SW Inference PYNQ ARM Cortex (NumPy)

SW Inference PYNQ ARM Cortex (NumPy)

CIFAR-10 CNN Inference — Pure NumPy on PYNQ

Software inference of the CIFAR-10 Mini-ResNet running directly on the ARM Cortex-A9 PS of the Zynq-7000 via the PYNQ framework, using a pure NumPy forward pass. No FPGA fabric is used. This documents two weight variants — float weights and fixed-point (Q1.7) weights — both executed through the same NumPy inference code on the PYNQ board.

This is the PYNQ-side software baseline, distinct from the FPGA-accelerated FINN deployment and the bare-metal keras2c/C inference documented elsewhere.


What This Is

PYNQ provides a Linux environment on the Zynq PS with a Python stack (NumPy, Jupyter, etc.) accessible over the network. Running inference here means using Python and NumPy on the ARM cores — the same physical processor as the Zynq ARM benchmarks, but accessed through the PYNQ software stack rather than cross-compiled C binaries.

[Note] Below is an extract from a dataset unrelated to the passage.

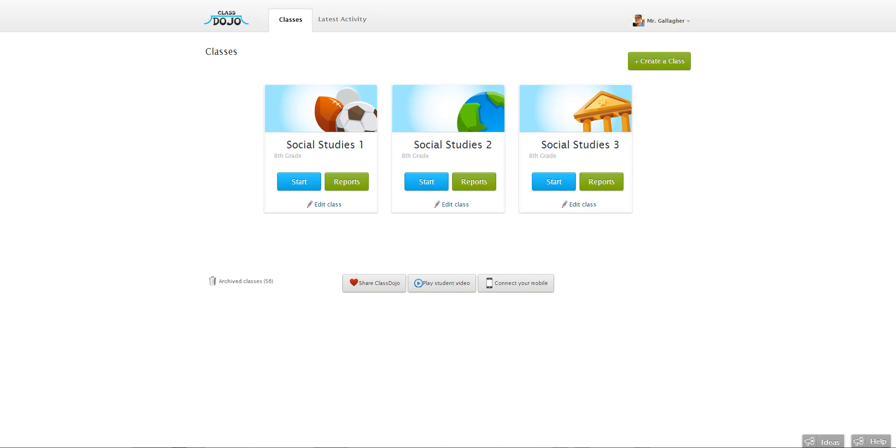Let's say you have a behavior in there that you're really not using that much and you just want to get rid of it. It's pretty easy to do.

The forward pass is implemented entirely in NumPy: convolutions as explicit nested loops or np.tensordot operations, ReLU as np.maximum, pooling with np.max over sliding windows, global average pooling as np.mean, and the dense layer as a matrix multiply. Weights are loaded from files at startup.


Two Weight Variants

Two runs were performed with different weight representations:

results_txt — float weights Weights loaded as float32 values. This is the direct Python/Keras weight format — the same values the model was trained with, at full floating-point precision.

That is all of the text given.